At that point, the Kenow fire on the B.C. side of the border on the western edge of the park had not actually infiltrated the park. However, the amount of smoke in the air had increased and Forestry officials were not able to obtain high altitude aerial information on the leading edge of the fire.
 
Given the extreme hazard, and to be safe, rather than sorry, the Parks department made the decision to evacuate Waterton Park and the townsite during the afternoon, rather than risk the possibility of having to do it during the night, when visibility would be significantly reduced.
 
Most of the residents were already prepared for the inevitable.
 
"You have to keep your thoughts straight and you have to think of the worst case scenario, be prepared for this, make sure you have water, make sure you have this, and then that first bag is packed.
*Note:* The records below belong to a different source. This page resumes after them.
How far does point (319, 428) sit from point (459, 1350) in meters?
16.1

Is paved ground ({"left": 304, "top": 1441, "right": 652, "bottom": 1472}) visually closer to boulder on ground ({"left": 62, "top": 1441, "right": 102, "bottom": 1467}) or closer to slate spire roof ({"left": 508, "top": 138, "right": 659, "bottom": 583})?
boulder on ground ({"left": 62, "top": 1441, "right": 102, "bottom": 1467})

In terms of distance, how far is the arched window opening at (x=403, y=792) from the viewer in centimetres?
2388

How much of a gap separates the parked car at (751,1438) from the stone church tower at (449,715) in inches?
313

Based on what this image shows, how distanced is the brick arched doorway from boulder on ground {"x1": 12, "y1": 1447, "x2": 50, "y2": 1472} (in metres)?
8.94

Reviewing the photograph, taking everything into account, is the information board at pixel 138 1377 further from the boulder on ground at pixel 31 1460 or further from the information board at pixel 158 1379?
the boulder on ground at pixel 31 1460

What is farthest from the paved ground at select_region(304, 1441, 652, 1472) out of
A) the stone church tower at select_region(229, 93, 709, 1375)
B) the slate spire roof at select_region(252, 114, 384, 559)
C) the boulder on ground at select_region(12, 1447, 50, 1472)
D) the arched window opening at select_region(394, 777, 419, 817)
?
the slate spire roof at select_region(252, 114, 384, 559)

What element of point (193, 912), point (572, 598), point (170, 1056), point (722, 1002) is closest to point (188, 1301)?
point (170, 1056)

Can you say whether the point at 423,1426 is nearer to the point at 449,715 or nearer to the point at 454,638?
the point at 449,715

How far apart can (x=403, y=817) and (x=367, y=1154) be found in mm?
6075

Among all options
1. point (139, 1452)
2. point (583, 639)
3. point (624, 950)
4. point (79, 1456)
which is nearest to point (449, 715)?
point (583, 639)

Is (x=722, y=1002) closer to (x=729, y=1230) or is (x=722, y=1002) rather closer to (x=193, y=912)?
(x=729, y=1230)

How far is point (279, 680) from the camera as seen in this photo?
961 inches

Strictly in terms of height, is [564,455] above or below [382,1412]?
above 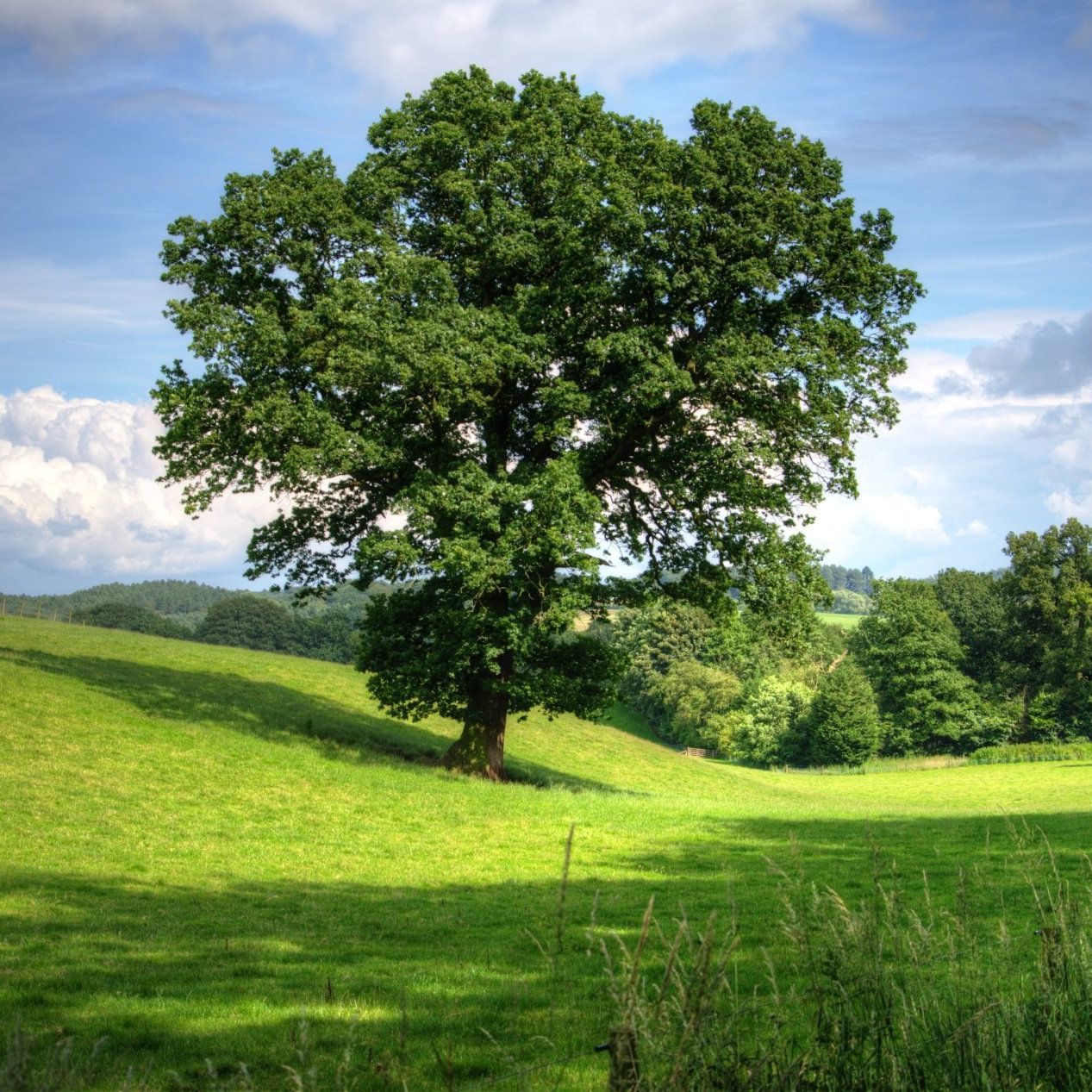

Then you think, well if you can bring another bag with us, then, these are the essentials that you need to take with you. But by this morning, we packed everything," said Michael Scott, a staff member at the Bayshore Inn in Waterton.
 
It turns out, the decision to evacuate was 'none-too-soon'.  By 5:30 p.m. on Friday, the province confirmed the fire had crossed the B.C. border into the National Park.
 
The Vertical Church in Pincher Creek had already volunteered its facility as an evacuation centre and the necessary amenities were ready when people had to leave Waterton.
 
David Green is a Family Support Service Coordinator and the Emergency Social Service Coordinator for this event.
 
He says they set up a basic reception centre with registration forms, so that they could keep a record of who was coming in, and who was leaving and where they're going, as well as offering meals, over-night accommodation.  He said they had tremendous response from local individuals, volunteers and businesses.
 
"We realize that a lot of folks will choose to register here, take a look at the facility, make some other decision or go, perhaps to a family member's place. That happens with any registration facility."
 
Green ran down what the evacuees could expect at the church.
 
"We'll have a chat with you, register you, make sure that we've got all of your information, so that if we're contacted by your family members, we have a reference and we'll make sure any message we get is passed along to you."
 
He explained that they intend to make people as safe and comfortable as possible.
 
"We recognize that evacuation is sometimes a traumatic event and we will have a counsellor or two on hand, that are experienced in disaster emergency social services, so those folks will be talked to and counselled accordingly."
 
Because they don't know how many people will be showing up at the centre or how long they might have to stay, the situation is dealt with day by day. However, Green says several local businesses, grocery stores, and restaurants have stepped up and said with five to six hours notice they can have supplies on site. One business called and asked how many sleeping bags were required, and they were willing to accommodate whatever number was needed.
 
For Friday night, the evacuation centre was well supplied with water, juice and granola bars, and a local restaurant had provided a vat of beef soup for dinner, as well as bread and salad.
 
Green was impressed with the local response that the evacuation order had elicited in a very short time.